So I am tuning in to the podium following the urgent meeting called by Prime Minister Trudeau between British Columbia Premier John Horgan and Alberta Premier Rachel Notley. CBC.ca’s new website freezes up the video in mid-sentence from Mr Horgan, so I reload the page. And there is Andrew Scheer holding forth.
For those of you who are completely bemused by this stream of names and positions you’ve never heard of, here is your backgrounder.
British Columbia and Alberta are two provinces of Canada, which you probably already knew. They are like US states, only bigger. Alberta is 661,848 km2, making it the 6th largest (of 13 provinces and territories), just behind British Columbia at 944,735 km2. (As a comparison, the fifth and sixth largest states in the USA are New Mexico and Arizona, at 314,917 and 295,234 km2 respectively.) Buuuut, population-wise they are smaller, each having somewhat more than 4 million citizens (BC a bit more than AB.)

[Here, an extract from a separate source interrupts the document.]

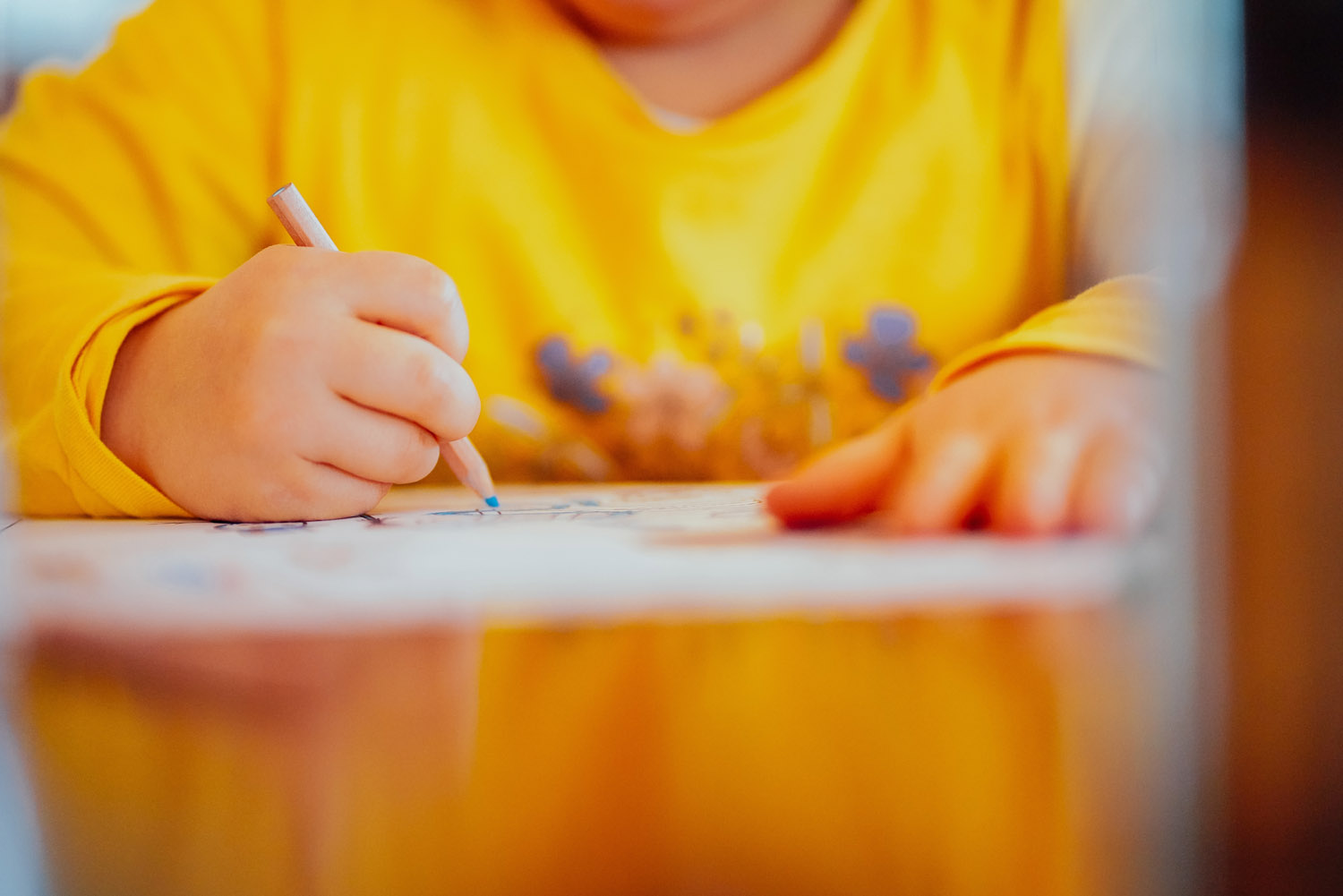 A child drawing with arts and crafts train gifts A child drawing with arts and crafts train gifts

Canada’s executive leaders are similar to, but not quite the same as, those in the USA. The head of the federal government in Canada is called Prime Minister, a position with some equivalence with the US President. The head of a province is usually titled Premier, and is like a US state Governor.
Rachel Notley is Premier of Alberta, which has some overt parallels with the state of Texas: it has a history of control by conservative politics, an association with cattle and cowboys, and is in practice controlled by the resource extraction industry. Ms Notley’s government marks the fourth change of governing party of Alberta, an event which shook all of Canada, becoming the first party from left of centre (by the French parliamentary standard) to take the helm.

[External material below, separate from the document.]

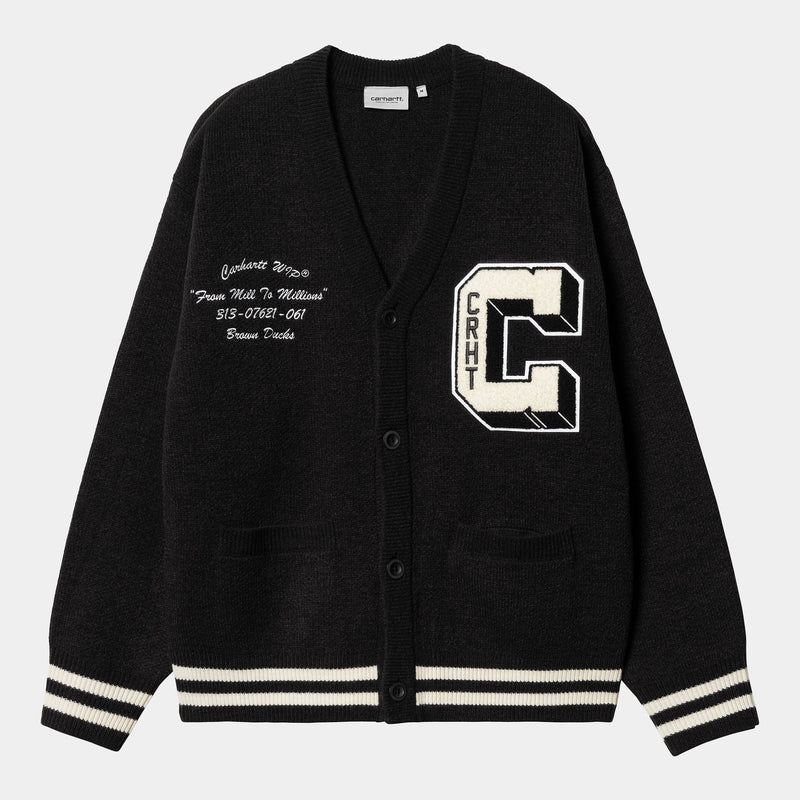 Carhartt WIP Brown Ducks Cardigan (Black/Wax)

John Horgan is Premier of British Columbia. BC has a history of being dominated by resource extraction as well, but the history has been more varied – both more progressive and more conservative than their Albertan neighbors. Horgan is part of the same national progressive party as Notley, but his control in the province is part of a coalition government with the Green party of BC.
These two premiers, and provinces, are arguing over a Texas company building a pipeline from one to the other. Alberta’s tarsands produce bitumen which, currently, can only be sold to the US market. The USA is now a gross exporter of petroleum, much of it also bitumen from tarsands, so it follows that Canadian bitumen would sell at a discount in that market. However, British Columbia does not gain from the transit of the petroleum product through its territory, yet simultaneously takes on risks to the $15 billion+ tourism industry, seafoods industries, and more. It has also been found to be impacting the real estate market, and few governments will accept risks to such a fundamental revenue stream.

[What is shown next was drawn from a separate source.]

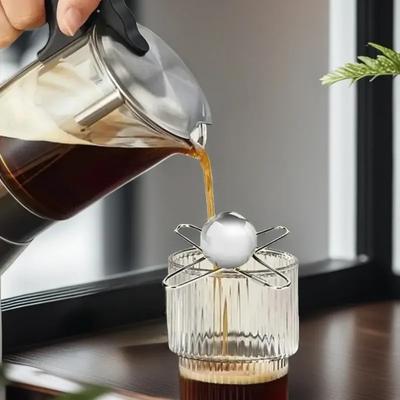 Coffee Frozen Ice Balls Stainless Steel Coffee Ice Balls Cold Brew Coffee Balls Reusable Stainless Steel Ice Ball Holders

Their disagreements bring the Federal government into the discussion, which approved the project in the first place. The Prime Minister asserts the federal authority over-rides provincial authorities over environment, health, and property. The PM has continually reiterated the pipeline is in the best interests of Canada, stating it will create jobs, reduce the discount on the price of oil, and a short list of other justifications which are not supported by evidence.
Mr Scheer is the head of the Conservative Party of Canada, who are currently the official opposition party having the second-largest number of seats in Parliament. His greatest weakness is an inability to avoid smirking. He seems to be a not-unreasonable politician who was elected as weak leader to avoid a more contentious leader by his party relatively recently. A smart politician, he is pushing his brand of conservatism hard after first Alberta then British Columbia voted out their conservative governments.
So he had no place at the podium today. None.